- _PROMPT_
The lines below, from the one containing "Par Farol Master 2014 2015 2016 Sem Milha" through the one containing "Квартира в Барская Ривьера, фото 5", should be set down exactly, with no pictures and nothing else.
** AVAILABLE DATA follows **
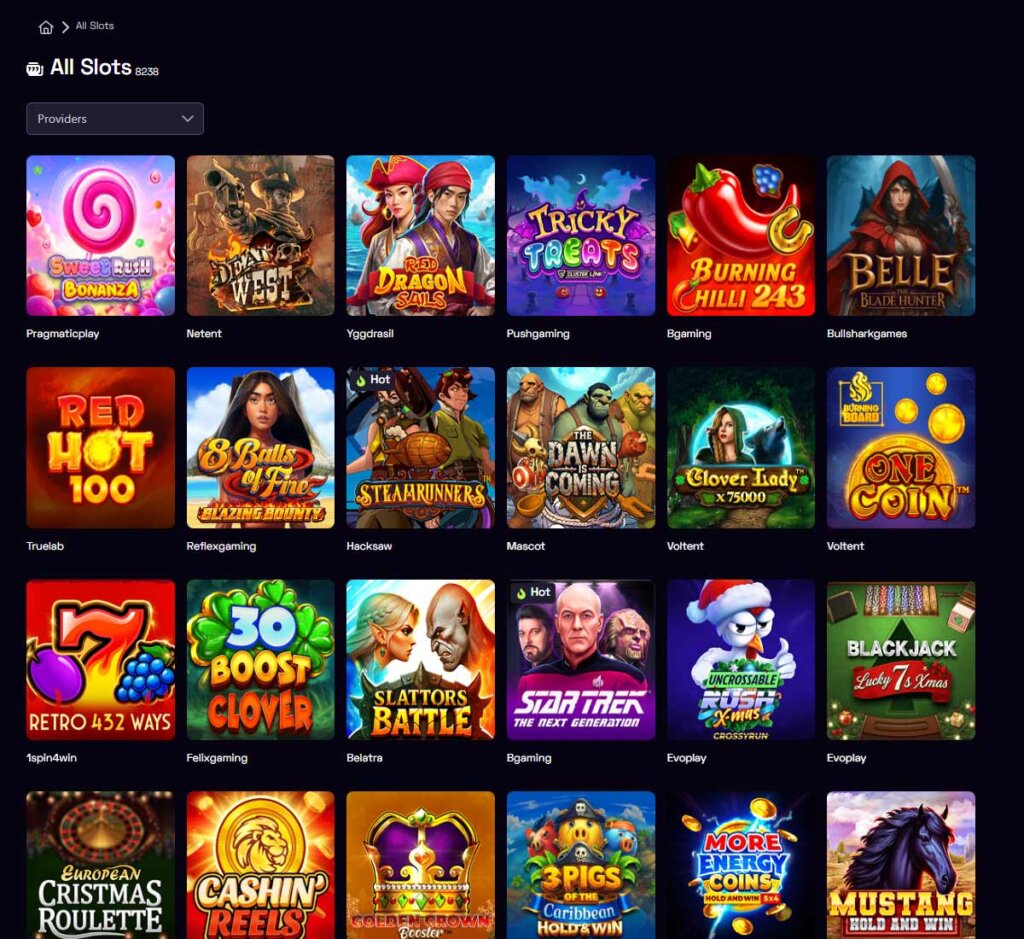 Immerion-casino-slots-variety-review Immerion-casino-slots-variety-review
** End of AVAILABLE DATA **
** AVAILABLE DATA follows **
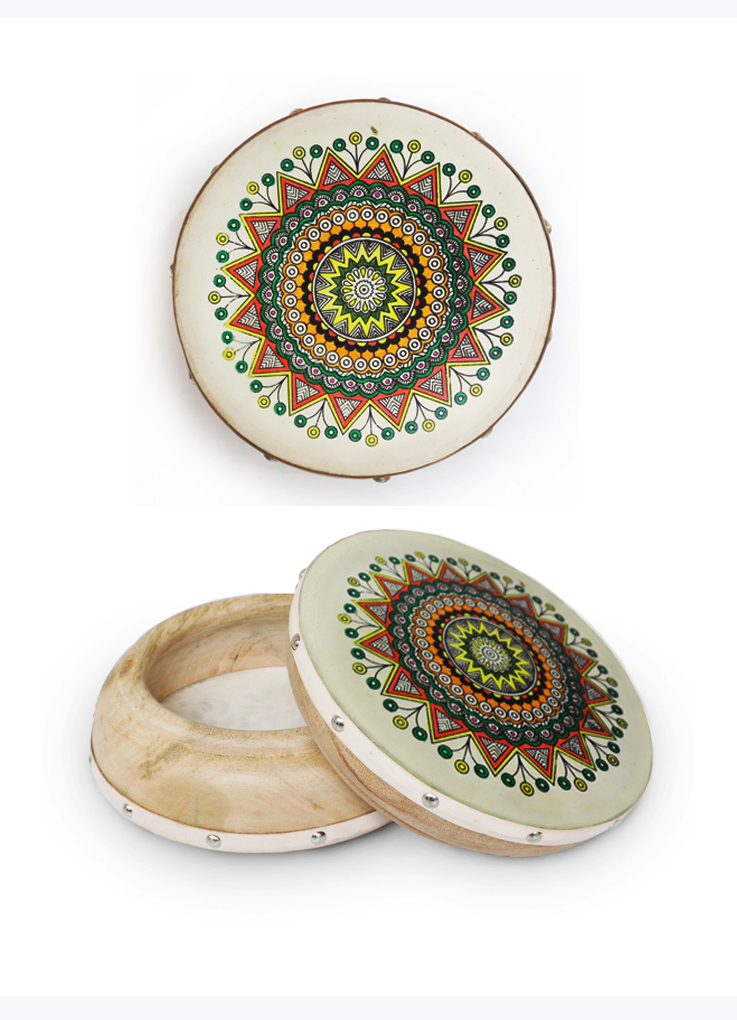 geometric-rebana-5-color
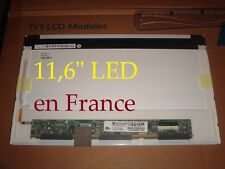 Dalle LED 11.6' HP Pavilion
** End of AVAILABLE DATA **
** AVAILABLE DATA follows **
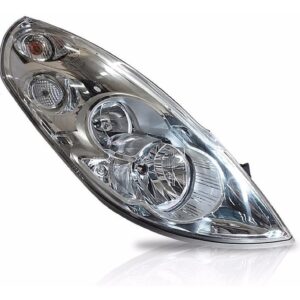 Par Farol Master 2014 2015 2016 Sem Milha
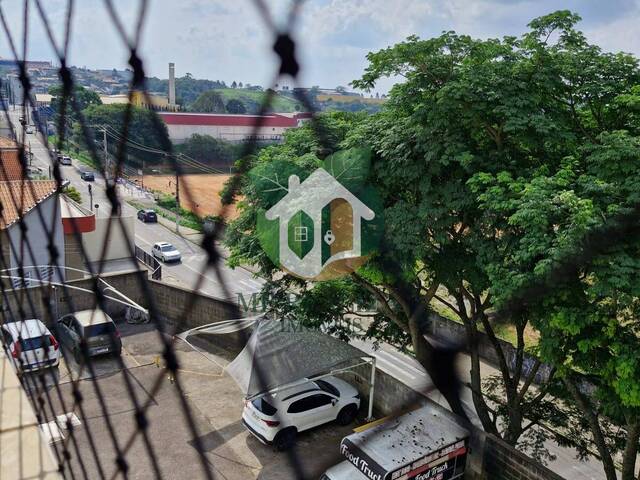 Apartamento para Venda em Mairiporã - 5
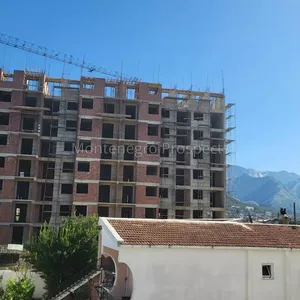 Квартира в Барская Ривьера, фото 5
** End of AVAILABLE DATA **
- _RESPONSE AREA_
 Par Farol Master 2014 2015 2016 Sem Milha
 Apartamento para Venda em Mairiporã - 5
 Квартира в Барская Ривьера, фото 5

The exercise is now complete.